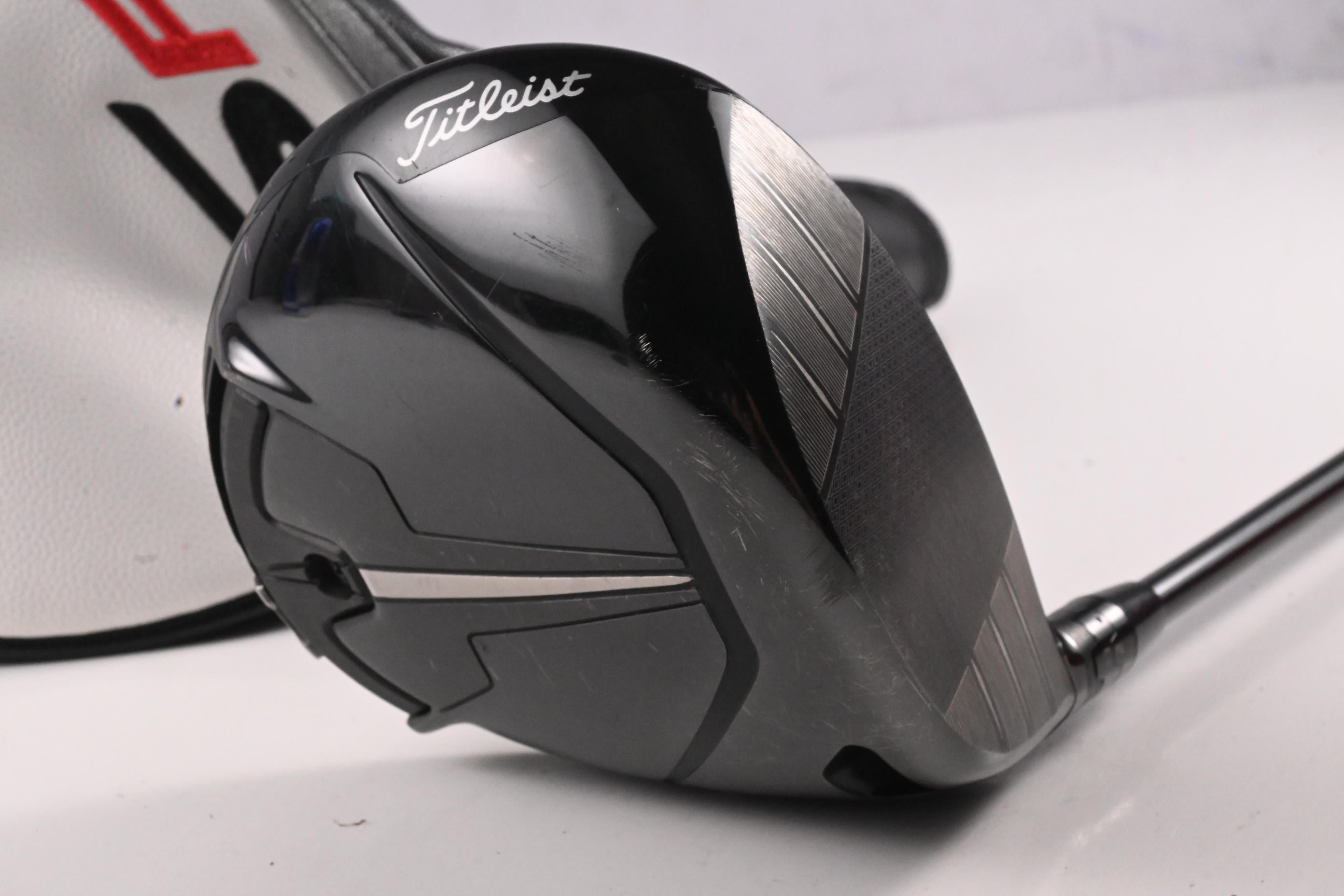 Titleist TSR3 Driver / 10 Degree / Stiff Flex HZRDUS Smoke Black RDX 60 Shaft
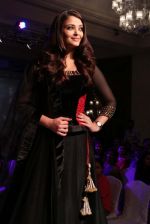 Aishwarya Rai Bachchan at the launch of new collection of Longines Watch in Delhi on 9th Oct 2013 (14).jpg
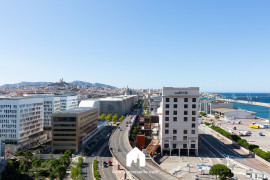 Grand T2 de standing meuble Marseille 2ème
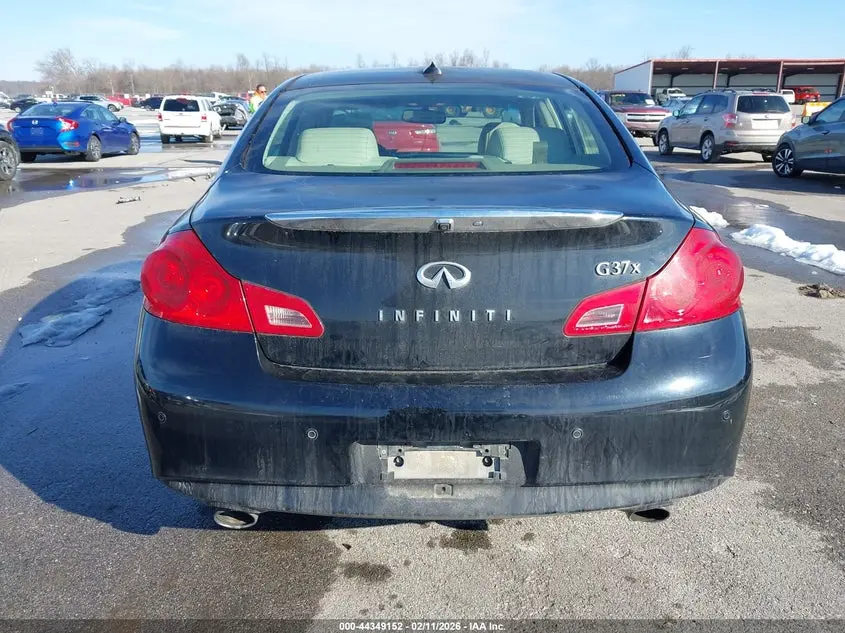 2013 INFINITI G37X  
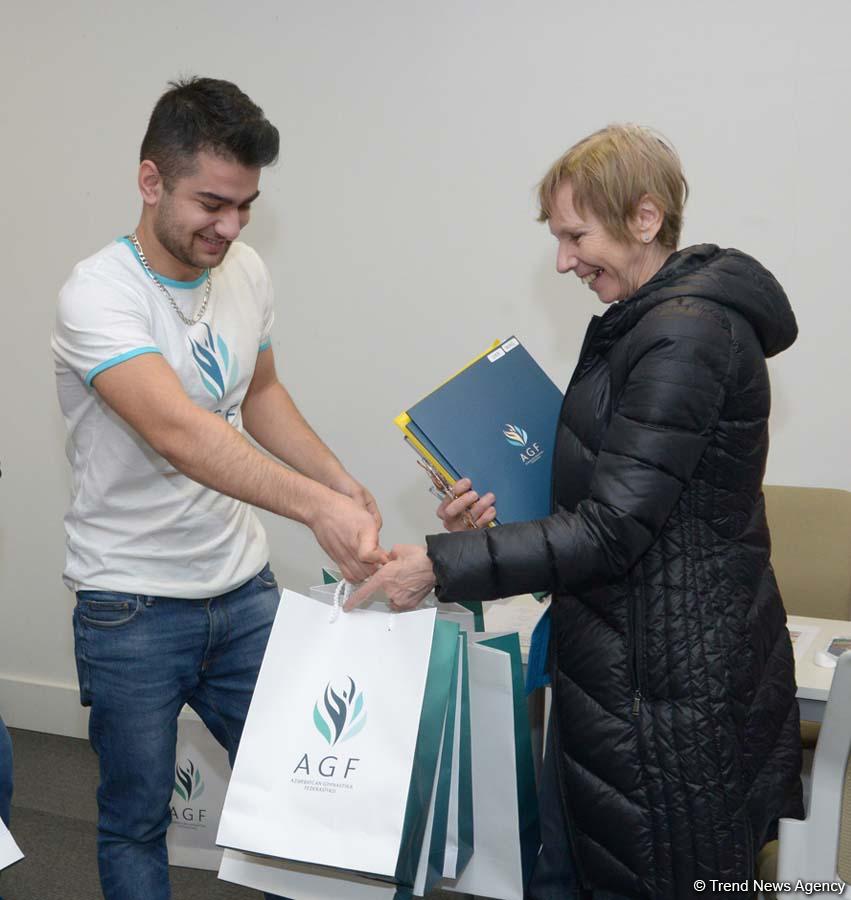 Müxtəlif ölkələrin nümayəndə heyətləri Bakıda idman gimnastikası üzrə Dünya Kuboku üçün akkreditasiyadan keçirlər (FOTO)
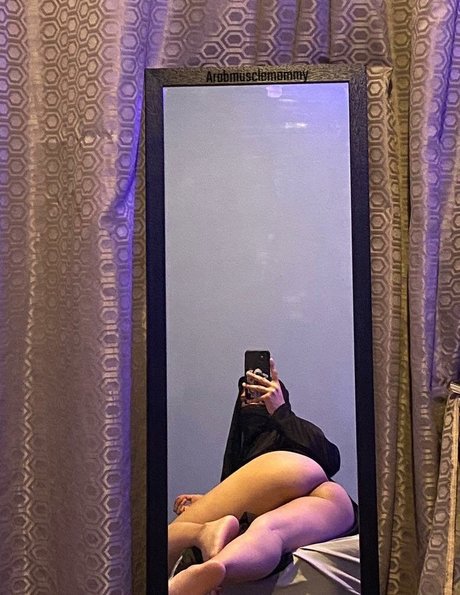Arabmusclemommy OnlyFans 유출 누드 사진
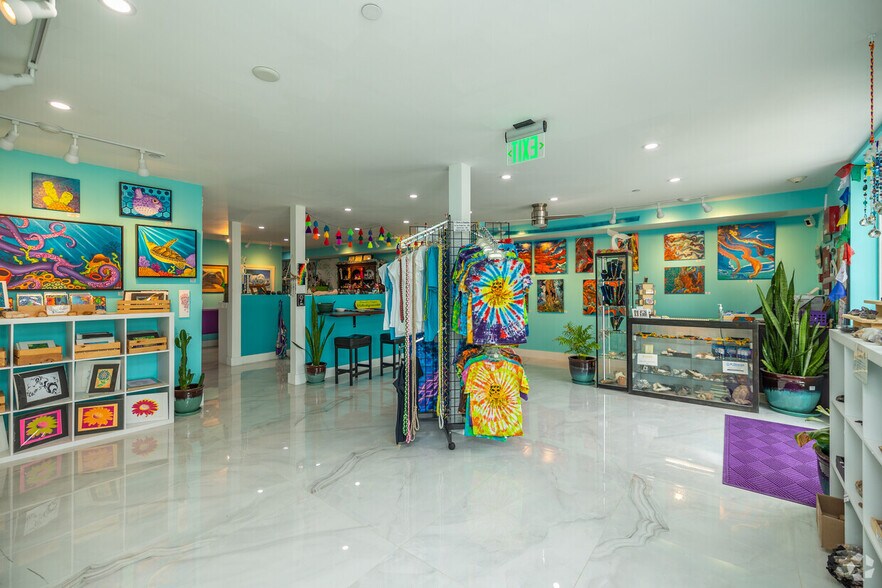 More Photos Of 91865 Overseas Hwy, Tavernier Storefront Retail Residential For Lease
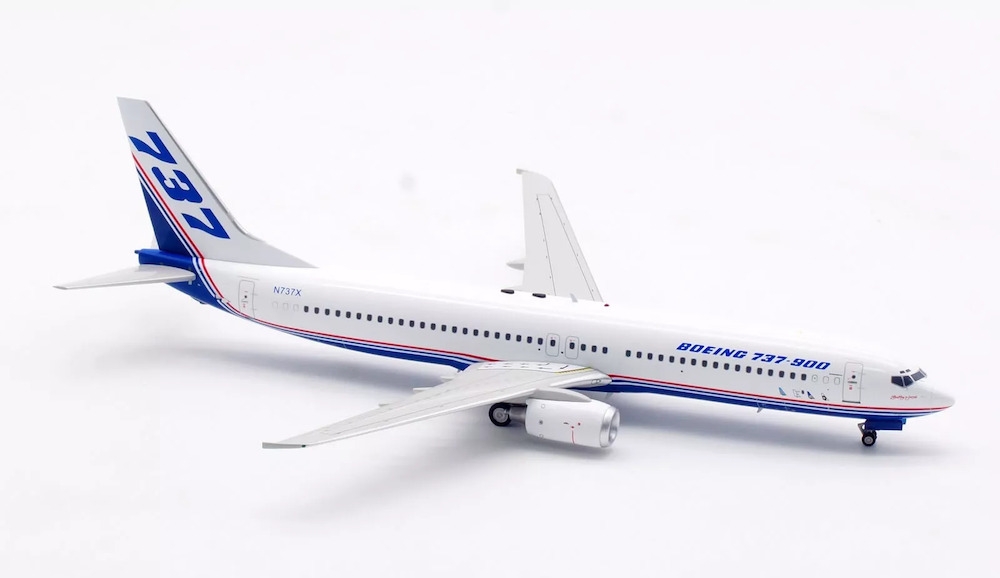 45682_inflight-200-if739737x-boeing-737-990-boeing-house-colours-n737x-xca-206746_1.jpg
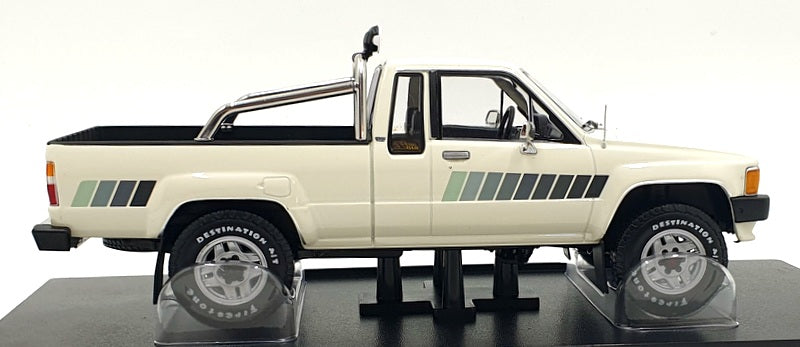 KK 1/18 Scale Diecast KKDC181564 - Toyota Hilux Truck - White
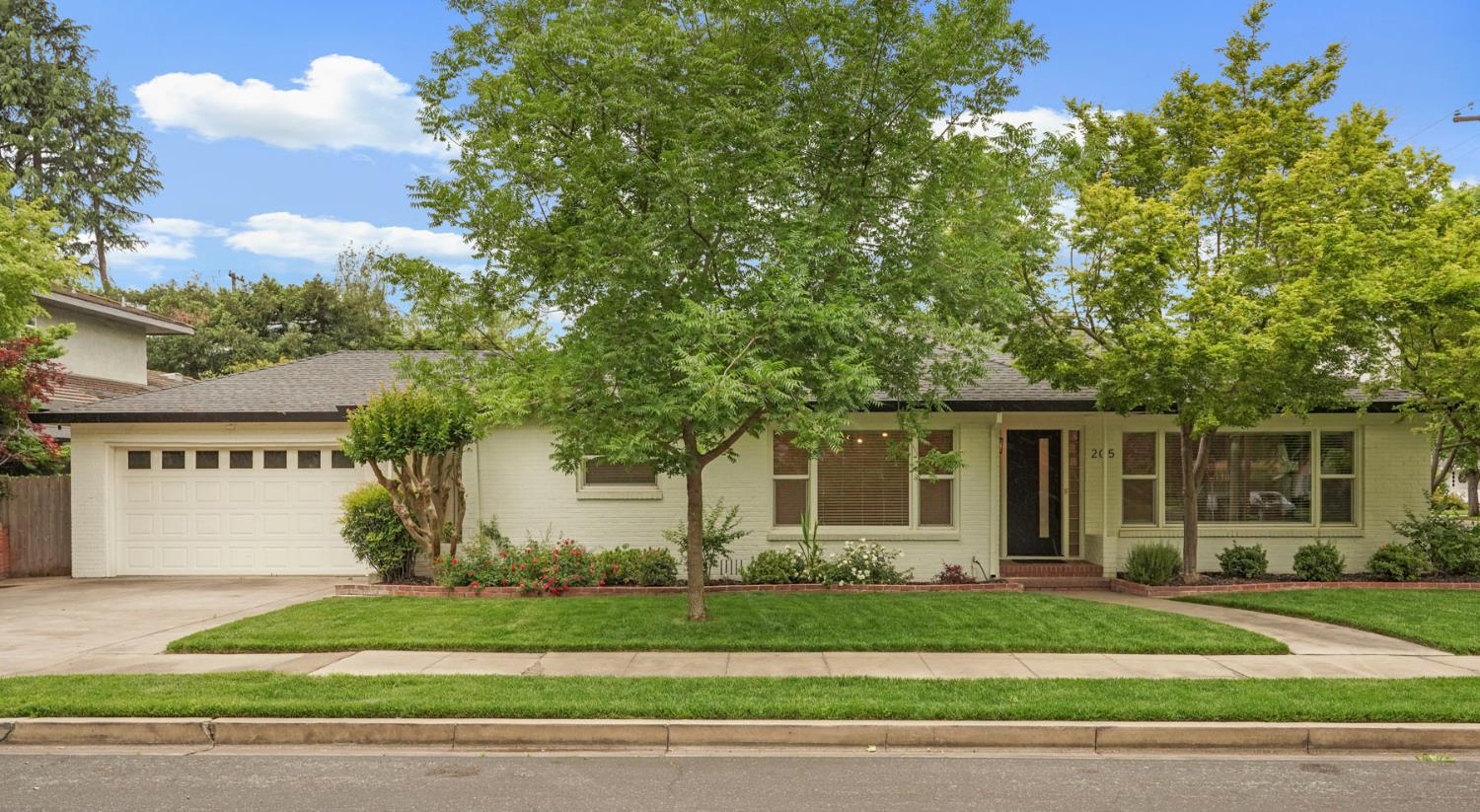 Detail Gallery Image 2 of 49 For 205 S Crescent Ave, Lodi,  CA 95240 - 3 Beds | 2 Baths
::::
- **Assignment**
Instruction for this listing: copy it exactly, but leave the images behind.

- **Response to this exercise**
 Titleist TSR3 Driver / 10 Degree / Stiff Flex HZRDUS Smoke Black RDX 60 Shaft
 Aishwarya Rai Bachchan at the launch of new collection of Longines Watch in Delhi on 9th Oct 2013 (14).jpg
 Grand T2 de standing meuble Marseille 2ème
 2013 INFINITI G37X  
 Müxtəlif ölkələrin nümayəndə heyətləri Bakıda idman gimnastikası üzrə Dünya Kuboku üçün akkreditasiyadan keçirlər (FOTO)
Arabmusclemommy OnlyFans 유출 누드 사진
 More Photos Of 91865 Overseas Hwy, Tavernier Storefront Retail Residential For Lease
 45682_inflight-200-if739737x-boeing-737-990-boeing-house-colours-n737x-xca-206746_1.jpg
 KK 1/18 Scale Diecast KKDC181564 - Toyota Hilux Truck - White
 Detail Gallery Image 2 of 49 For 205 S Crescent Ave, Lodi,  CA 95240 - 3 Beds | 2 Baths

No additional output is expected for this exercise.